Requirement
A word-for-word copy of the lines below, starting at the line with "fotografia professionale cavaliere" and ending at the last one, is what you should give. Omit every picture.

Supplied data
..........

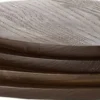 Køkkenartikler<Ferm Living Cairn Butter Boards - Set of 4 - Dark Brown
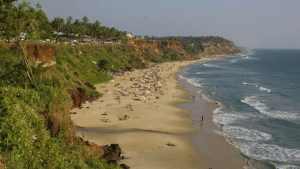 Varkala Cliffs, Kerala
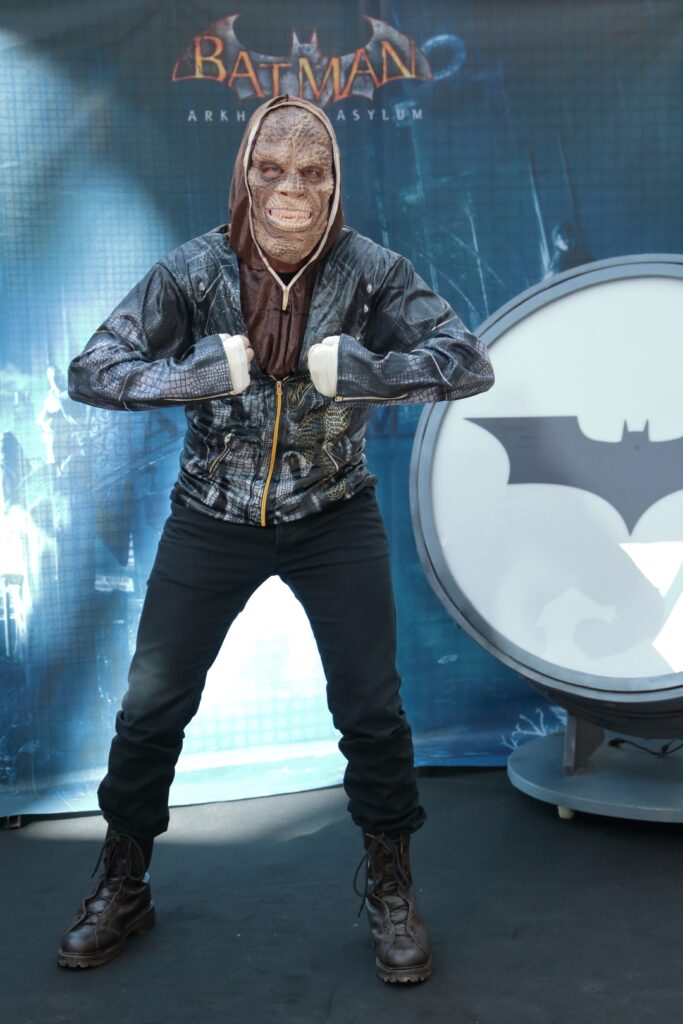 fotografia professionale cavaliere oscuro batman evento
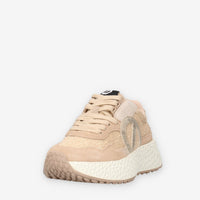 Sneaker Elegante No Name in Nude e Oro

..........

Exercise response
 fotografia professionale cavaliere oscuro batman evento
 Sneaker Elegante No Name in Nude e Oro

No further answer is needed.